Я живу в ожидании кары

И в предчувствии райских услад…

Все эти последние годы своей жизни, сложившейся для поэтессы необыкновенно жестко и жестоко, почти поработившей ее злобе дня своего, А. Герцык принуждена впервые встать лицом к лицу с действительностью, всегда столь тягостной для нее, да еще с дикой действительностью русской революции. «С высот незыблемых впервые я созерцаю тяжкий дол…», — говорит она. Тут в ее художественной личности раскрываются новые черты. Ее прежде неопределенная мистичность, религиозная настроенность становится верованием, подлинной религиозностью. Буквально все стихи ее этого периода озарены или, по крайней мере, просвечены стремлением к Богу, исканием путей к Нему. Беру самые примечательные:

Заросла тропа моя к Богу

Травою густой.

Никто не укажет дорогу,

Нужно самой…

И дальше:

«Богородица-Приснодева,

Укажи мне путь.

Ты сложи суету земную,

В нищей встань чистоте

И в святую рань, в золотую —

Выходи налегке».

Или:

Его Имя, как светило,

Жизнь и пламень излучает.

Его имя разлучает

С тем, кому Оно не мило.

А вот еще стихотворение, названное «Храм», где поэтесса не находит ничего прекраснее «Дома белого, где в курении растворяется плоть», это — «Дом, где сходится человек и Господь».

Итак, пройден большой и извилистый путь. От интимной и туманной мистичности к четко-белеющей верующими полной Церкви, от Кого-то светлого, но безымянного — к Лучезарному Имени. И какой «русский» это путь! Какое русское богоискательство!

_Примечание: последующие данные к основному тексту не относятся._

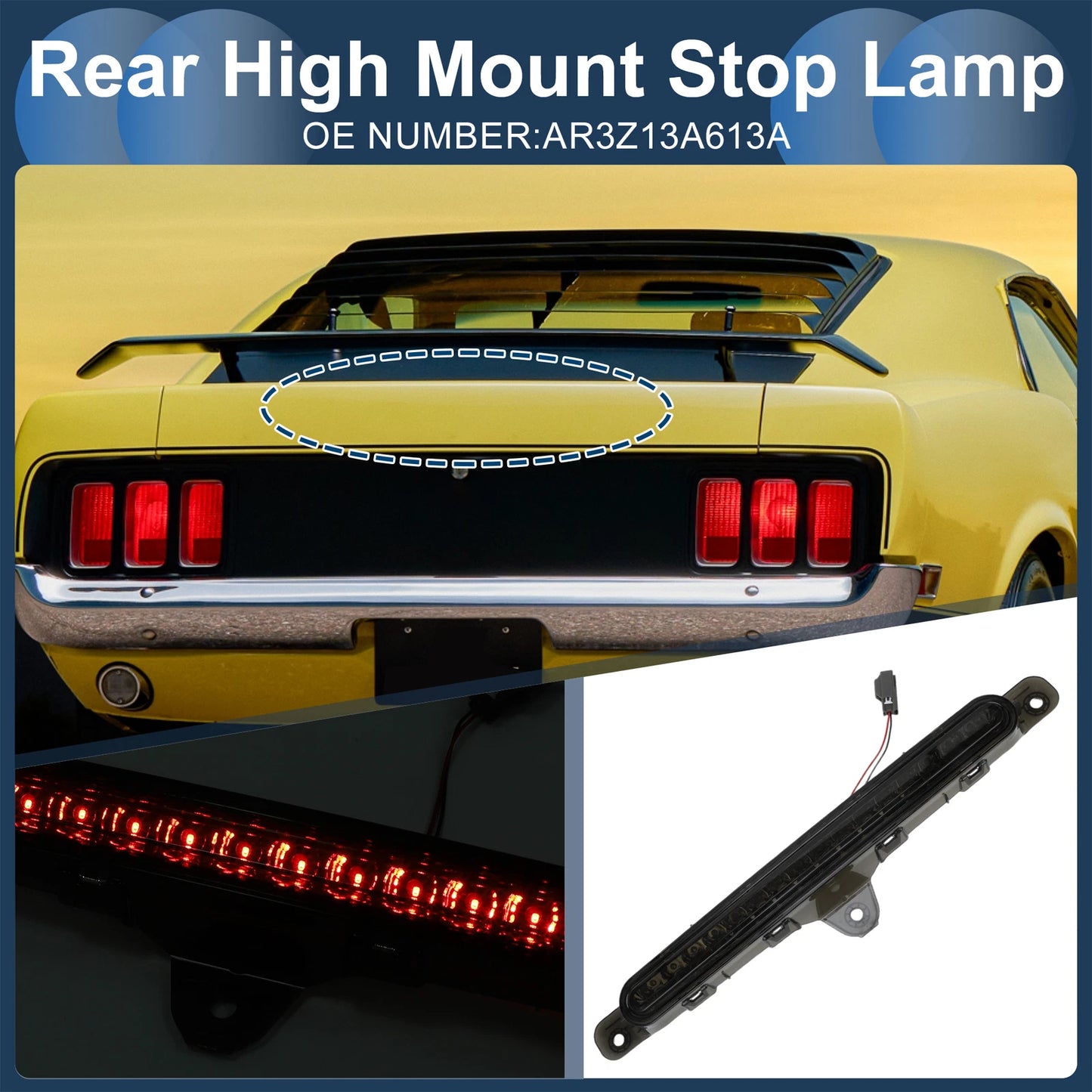 LED Third Brake Light for Ford Mustang (2010–2014) Black Housing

Мне хотелось бы к старцу скрыться

В одинокий сосновый скит.

И при бледной дрожащей лампаде,

Позабыв всех друзей имена,

В голубом просветленном взгляде

Прочитать, что я спасена.

И опять та же мысль:

Приду в далекое селенье

К святому старцу отдохнуть.

Скажу: открой мне в чем спасенье…

Не могу не привести еще одного стихотворения, и смыслом, и ритмом изумительного, которое выписываю целиком:

Дают нам книги холодные, мертвые,

И в каждой сказано о Нем по-разному,

Толкуют Его словами пророческими,

И каждый толкует Его по-своему.

И каждое слово о Нем — обида мне,

И каждая книга, как рана — как рана новая.

Чем больше вещих о Нем пророчеств,

Тем меньше знаю, где правда истинная.

А смолкнут речи, Его взыскующие,

И ноет тело от скуки жизненной…

Как будто крылья у птицы срезаны,

А дом остался без хозяина.

И только свечи перед иконами

Мерцая, знают самое верное.

И их колеблющееся сияние,

Их безответное сгорание

Приводит ближе к последней истине.

Другая новая черта, явившаяся в Герцык в годы революции и ее бед, это — жарко вспыхнувшая в ней любовь к родной стране, к ее детям и к детям-малюткам особенно. Как дева-обида, как птица-Горюнья веет она над Русью в ее лихолетье, над неродящими полями, над голодающими и холодающими людьми — и кроткими, горькими жалобами звучат ее песни:

Как грешница без покрывала,

Стоит бесхлебная страна.

Господь! Сними с нее опалу

И дай зерна.

Или вот — стихотворение «Подаяние»:

Над человеческим бессилием

Ликует вьюга и глумится.

А как же полевые лилии?

А как же в поднебесье птицы?

И дальше:

Есть грань, за нею все прощается.

Любовь царит над миром этим,

Преграды чудом распадаются —

Не для себя прошу я — детям.

Вот еще трогательнейшие строки:

Рассыпалось все на свете,

Не стало ни мужа, ни брата.

Остались нам только дети.

Им нужно, чтоб их любили,

И нужно, чтоб их одели…

И, наконец, еще строфа, полная почти мученической восторженности:

Только тайна одна необманная

Мне открылась и дух зажгла —

Как любить любовью безгранною,

Как в любви вся земля светла.

Дочерчивая образ А. Герцык как поэтессы, скажу, что творчество ее — глубоко русское в самом прекрасном значении этого слова. Все, что создало, напоило, зажгло эту поэзию-песню, коренится в русской земле и русской душе. Ее лирическая тропа из девичьей светлицы среди чащоб, марев и зарев российского бытия в скит к старцу и к Богу — не тропа ли каждого русского писателя и… русской богомолки. И великая любовь к людям — всяким — и добрым, и лихим, — любовь, зарождающаяся жалостливостью и завершающаяся жертвой, не присуща ли она в разной степени всем из нашего народа — от великого до малого, от Достоевского до описанного им мужика Марея? А эта незаботливость о телесном и удаление от мира сего — это Мариино святое «безделие» — не одно ли это из качеств и в то же время недостатков русского народа? Да, А. Герцык была настоящей русской писательницей, и русская же горе-горькая выпала ей судьба!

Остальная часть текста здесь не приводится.